Trust is a hierarchical read-only database engine which can be used locally or remotely through REST to access hierarchies stored in plain text files or in a MongoDB database. While users and groups can be used to limit access to specific parts of the hierarchy, Trust also monitors access to sensitive data in order to provide audit capabilities. Trust is ideally used to store configuration and describe infrastructure.

You can use the following form to query the demo data and watch how Trust responds. Make sure you look at the data itself. To get some inspiration, you may also use the templates available below the form.

Type a query to see the results or click on one of the examples below
Query of an object /illustration1/example/product guest Query of a value /illustration2/example/product/price guest Query of an array /illustration3/example/products guest Getting multiple files at once /illustration4 guest Fork resolution /illustration5/demo/product guest Fork resolution of a node /illustration5 guest Retrieving object keys /illustration6/example/product/.keys guest Escaping /illustration7/example/product/.plain:.plain:.plain:.keys guest Default object inheritance /illustration8/http-server guest Object inheritance with replacement /illustration9/http-server guest Inheritance involving values /illustration10/child guest Inheritance involving arrays addition /illustration11/child/numbers guest Inheritance involving arrays merging /illustration12/child/numbers guest Access to public nodes with invalid credentials /illustration13/example/hello William:invalid password Access to restricted nodes /illustration14/example/restricted/hello Lucy:demo Access to restricted nodes without granted access /illustration14/example/restricted/hello William:demo Access to restricted nodes from guest /illustration14/example/restricted/hello guest Access through groups /illustration15/example/restricted/hello James:demo Access through groups denied /illustration15/example/restricted/secrets James:demo Reversed groups /illustration16/example/restricted/secrets James:demo Combining users and groups /illustration17/example/restricted/hello Lucy:demo Combining users and groups /illustration17/example/restricted/hello Emily:demo Accessing forbidden path containing users /_users/Lucy guest Accessing forbidden path containing groups /_groups/administrators guest Accessing a node which doesn't exist /illustration24 guest Accessing a node which has itself as its parent /illustration27/example guest Accessing a node which has a parent which is the child of the original node. /illustration29/example guest

Trust provides a caller with information stored in a JSON file, multiple JSON files or MongoDB database. By allowing JSON objects to refer to other JSON objects, Trust is a convinient way to access data while ensuring no data duplication exists. A single piece of data, such as an IP number, a price or a list of records, is stored in a single location and may be refered to by other objects in a transparent way for the caller.

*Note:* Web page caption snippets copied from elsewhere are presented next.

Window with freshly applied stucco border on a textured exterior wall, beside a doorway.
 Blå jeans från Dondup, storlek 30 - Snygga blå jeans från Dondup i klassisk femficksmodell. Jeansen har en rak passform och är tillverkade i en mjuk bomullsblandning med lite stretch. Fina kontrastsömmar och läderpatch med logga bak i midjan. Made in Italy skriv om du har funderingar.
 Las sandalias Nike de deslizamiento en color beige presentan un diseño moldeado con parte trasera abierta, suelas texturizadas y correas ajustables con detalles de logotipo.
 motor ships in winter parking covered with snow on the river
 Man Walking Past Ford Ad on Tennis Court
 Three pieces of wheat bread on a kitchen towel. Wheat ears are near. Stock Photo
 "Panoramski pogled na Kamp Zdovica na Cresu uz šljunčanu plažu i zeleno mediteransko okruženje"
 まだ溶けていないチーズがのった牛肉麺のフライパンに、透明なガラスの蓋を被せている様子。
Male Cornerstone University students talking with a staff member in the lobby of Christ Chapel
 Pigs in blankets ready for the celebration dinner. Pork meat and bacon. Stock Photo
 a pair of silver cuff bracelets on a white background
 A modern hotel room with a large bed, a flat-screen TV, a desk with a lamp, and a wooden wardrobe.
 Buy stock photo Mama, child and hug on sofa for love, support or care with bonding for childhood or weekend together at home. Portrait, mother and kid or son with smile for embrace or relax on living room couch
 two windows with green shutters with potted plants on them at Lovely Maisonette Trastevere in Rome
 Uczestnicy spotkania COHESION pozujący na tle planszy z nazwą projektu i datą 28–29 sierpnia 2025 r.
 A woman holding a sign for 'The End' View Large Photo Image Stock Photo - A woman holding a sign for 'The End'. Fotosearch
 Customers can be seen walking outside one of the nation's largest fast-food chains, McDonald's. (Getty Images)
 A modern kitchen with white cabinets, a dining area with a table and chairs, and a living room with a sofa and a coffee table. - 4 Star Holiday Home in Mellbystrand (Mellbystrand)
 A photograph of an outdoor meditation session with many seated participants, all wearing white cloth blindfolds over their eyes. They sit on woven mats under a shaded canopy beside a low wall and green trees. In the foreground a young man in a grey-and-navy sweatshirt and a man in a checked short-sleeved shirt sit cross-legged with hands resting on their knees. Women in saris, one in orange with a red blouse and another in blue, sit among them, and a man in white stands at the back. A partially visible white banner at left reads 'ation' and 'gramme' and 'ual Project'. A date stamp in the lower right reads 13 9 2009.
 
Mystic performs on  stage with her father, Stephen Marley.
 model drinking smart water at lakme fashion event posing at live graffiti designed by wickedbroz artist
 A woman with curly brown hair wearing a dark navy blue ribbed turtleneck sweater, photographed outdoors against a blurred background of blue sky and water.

Trust is also a way to secure data and audit data access. This makes it particularly valuable for storing configuration containing sensitive pieces, such as passwords.

Trust is a sort of an hierarchical database engine with read-only data access. Trust only queries the data and never changes it, which means that it is intended to be used for cases such as application configuration or infrastructure description, and not for situations where the application accessing the data will also change it.

Let's see how it works:

Terms

Object: as opposed to value, a object is a part of which is enclosed in curly braces.

Value: as opposed to object, a value is either a scalar value such as a string, a number or a boolean, or an array of values or objects.

Fork: a case where JSON file has the same name (ignoring extension) than a directory within the same parent. see Queries, Forks.

Getting started

If you're reading this documentation on GitHub, you probably know how to get the source. Otherwise, you can get it from our own SVN server by executing:

svn checkout http://source.pelicandd.com/infrastructure/trust/

Now create a directory where data will be stored, for instance /tmp/trust-data. Inside, create a file called example.json with the following contents:

{
    "hello": "Hello, World!"
}

Go to the application directory and run the local client:

python3 localtrust.py /tmp/trust-data /example/hello

You should be able to see "Hello, World!". The next section explains how to make queries go beyond the boring hello world.

If you want to use the web service, than you should be interested by app/trust_blueprint.py file. This is a Flask blueprint file which you can add to your Flask application. If you have no idea what a blueprint is, server.py contains an example. Another example is website.py which corresponds to the actual site presenting the web service.

If you want to host the web service as a standalone web application, without integrating it to an existent website, use server.py. For instance, it can be hosted with Gunicorn using the following command:

gunicorn server:flaskApp -b :80 -w 4 --log-syslog

Queries

When accessing Trust data, the underlying data source is abstracted away from the caller. The data may be in a single JSON file, multiple JSON files, MongoDB documents, or something else.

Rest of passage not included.